Interview conducted by Dr. James Patrick Kelley with Ernest Gordon in Broome, England on January 27, 1986.

Pastor Ernest L. Gordon was a retired Church of England priest raised in Germany as the son of a father who was “non-Aryan” according to Nazi criteria although he had honorably served Germany as a decorated soldier in World War I. As a student at the University of Berlin he decided to seek training and approval as an ordained Pastor of the Church of the Old Prussian Union, the territorial church in Berlin-Brandenburg during the early years of the Kirchenkampf or "church struggle" between the Confessing Church and German Christians, who supported the Nazification of all aspects of life under Hitler as the unquestioned leader of the nation. After successful completion of university study and church examinations, Gordon found himself facing a Nazified church government who regarded him as unacceptable for ordination because of his Confessing Church sympathies.

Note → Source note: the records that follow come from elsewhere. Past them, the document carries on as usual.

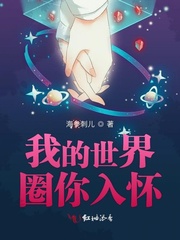 �ҵ�����Ȧ���뻳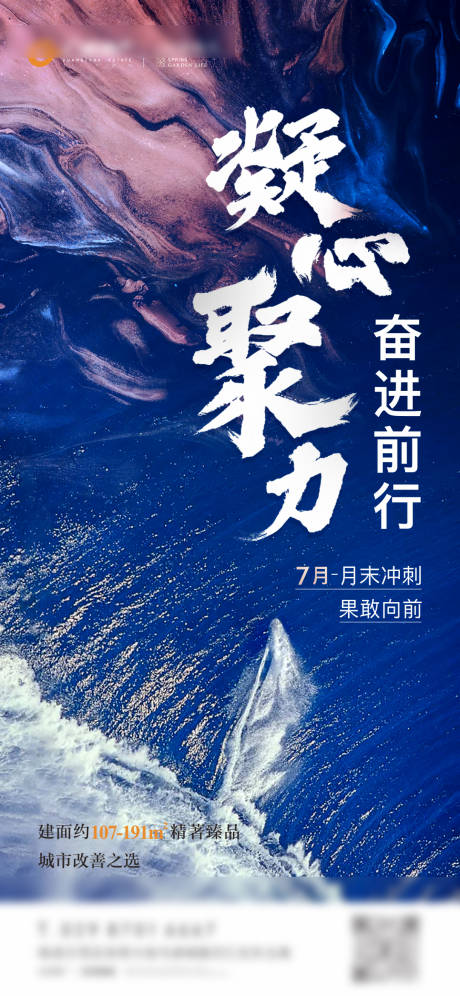 源文件下载【享设计】搜索编号：34920004603883292【激励单图】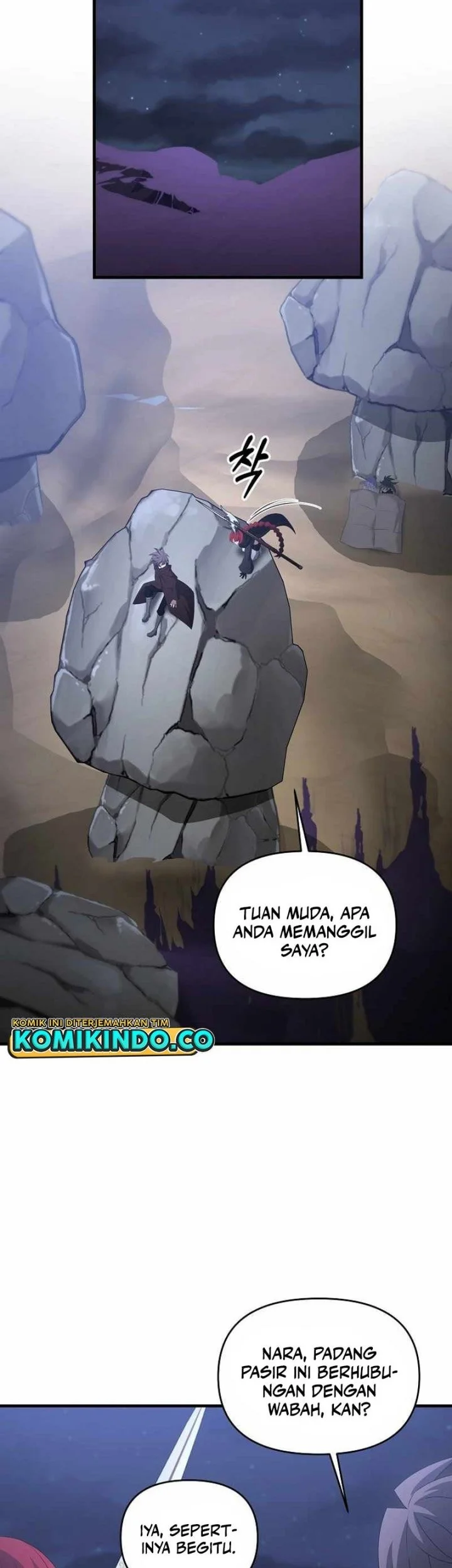 The Lazy Swordmaster chapter 86 halaman 17
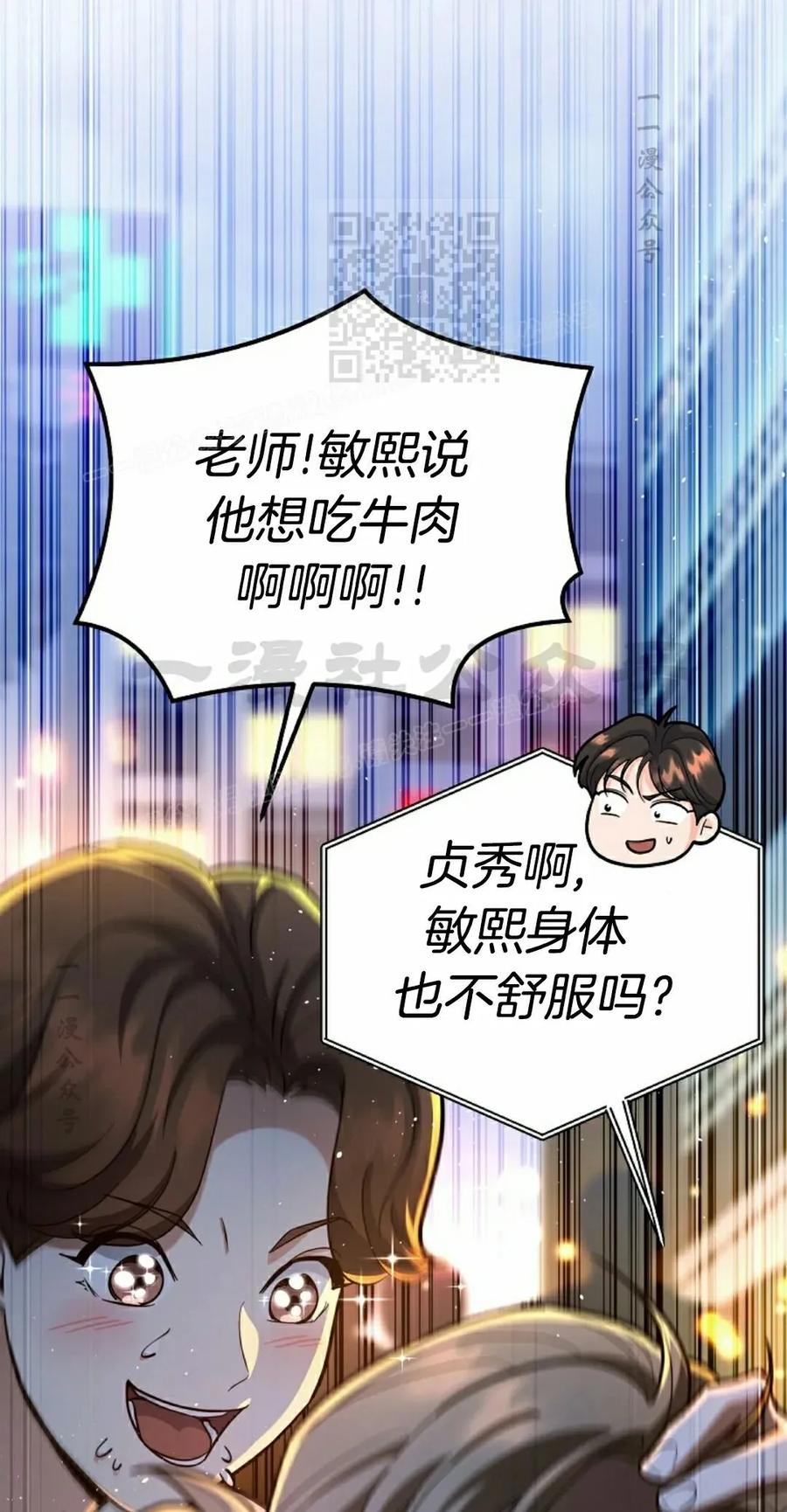 《学院的剑术教师》第25集 第31页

From 1935 until 1938 he was fully qualified for ordination but still not ordained. With the help of Dietrich Bonhoeffer and Karl Barth, he emigrated to the United Kingdom in 1938 and was ordained, serving several parishes during his career, including some exchanges with parishes of the Protestant Episcopal Church in Illinois. His views of the Nazi takeover of the churches with various programs to persuade church members to support Nazism are detailed, highlighting the problematic relations between church and state in Hitler’s Germany and what broader lessons he had learned.